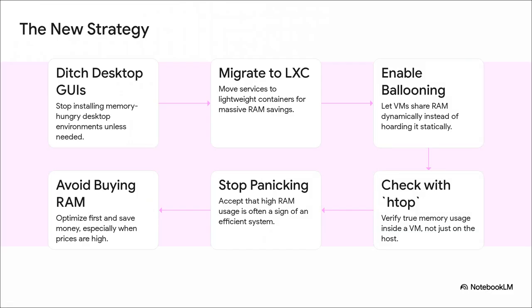Here's the new six-step strategy. Step one: ditch the desktop GUIs — that'll free up huge chunks of RAM right away. Step two: migrate as many services as you can to lightweight LXC containers. Step three: enable something called memory ballooning — it basically lets your virtual machines dynamically share RAM instead of hoarding it. Step four: use a tool like HTOP to check the true memory usage inside a VM, not just the dashboard number. Step five: stop panicking about high usage. And finally, step six: with all this optimization, you can avoid buying more RAM and save your money for something else.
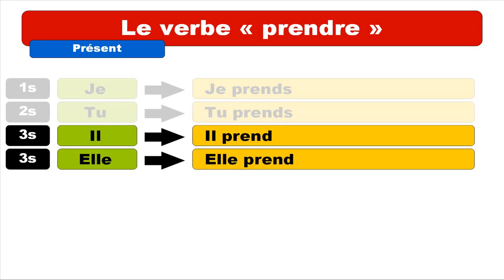For il and elle: il prend, elle prend. Same pronunciation — the final D is not pronounced, so it's only the P-R-E-N sound. Notice that je, tu, il, and elle are all pronounced the same way: je prends, tu prends, il prend, elle prend. But remember to put the final S for je and tu.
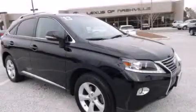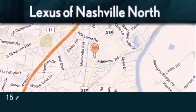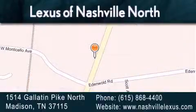Please call us today for more information on this great vehicle. Lexus of Nashville North Rivergate is located at 1514 Gallatin Pike North in Madison. Our goal is to exceed all of your expectations to ensure that you'll return for future visits.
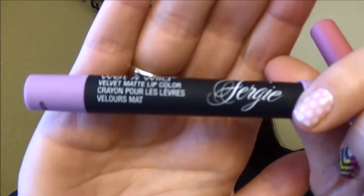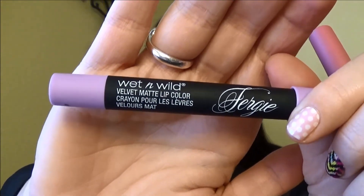They're called velvet matte lip colors. And you know what? It's interesting — the velvet part is really accurate. They feel so weird on the lips. I'm going to show you something that I am not a huge fan of, which I didn't realize was going to happen.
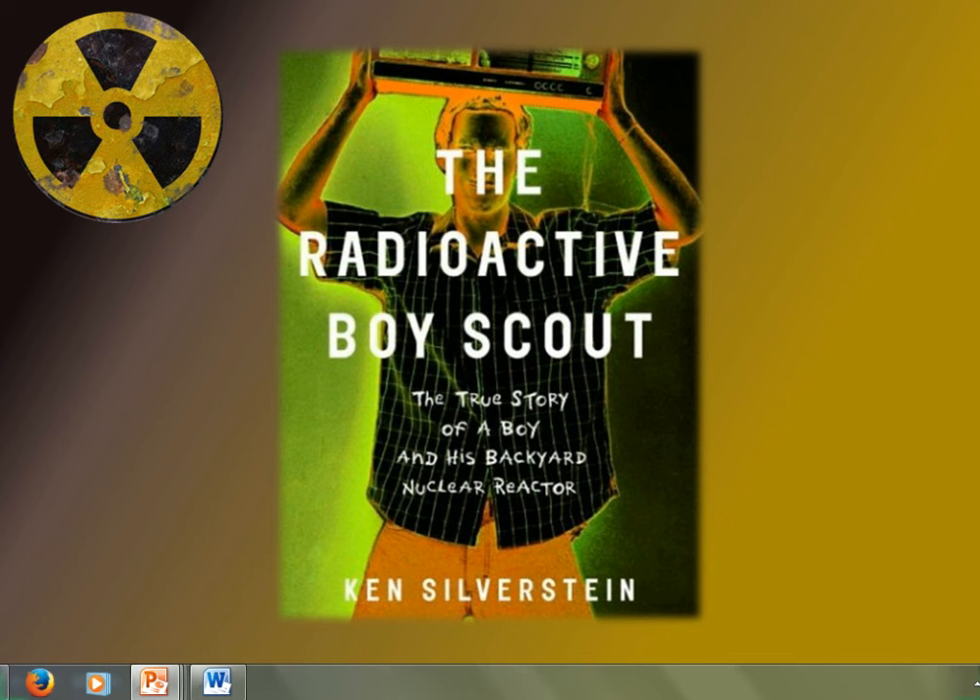Frustrated at his inability to isolate sufficient supplies of uranium, David turned his attention to thorium-232, which, when bombarded with neutrons, produces uranium-233, a man-made fissionable element, and one that can be substituted for plutonium in breeder reactors. Discovered in 1828 and named after the Norse god Thor, thorium has a very high melting point and is used in the manufacture of airplane engine parts that reach extremely high temperatures. David knew from his merit badge pamphlet that the mantle used in commercial gas lanterns — the part that looks like a doll's stocking and conducts flame — is coated with a compound containing thorium-232. He bought thousands of lantern mantles from surplus stores and, using the blowtorch, reduced them to a pile of ash.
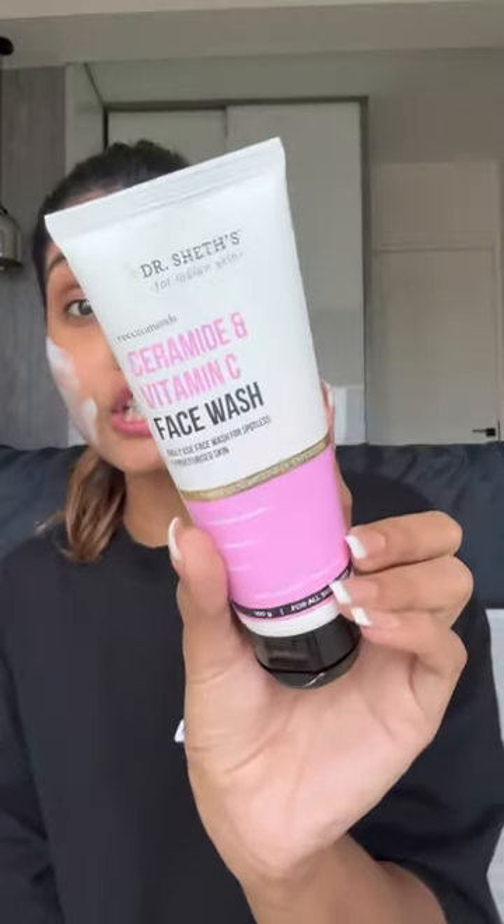Hi guys, so I have tried a face wash on my skin which is a moisturizer from texture. Let me show you. This is the face wash — it doesn't look like it's a moisturizer. But guys, this is the Dr. Shade Ceramide and Vitamin C face wash.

****************************************

◆ Required action
Respond with the exact lines above running from the one containing "Please call us" to the one containing "They're called velvet", both ends kept and no pictures included.

◆ Finished exercise
Please call us today for more information on this great vehicle. Lexus of Nashville North Rivergate is located at 1514 Gallatin Pike North in Madison. Our goal is to exceed all of your expectations to ensure that you'll return for future visits.
They're called velvet matte lip colors. And you know what? It's interesting — the velvet part is really accurate. They feel so weird on the lips. I'm going to show you something that I am not a huge fan of, which I didn't realize was going to happen.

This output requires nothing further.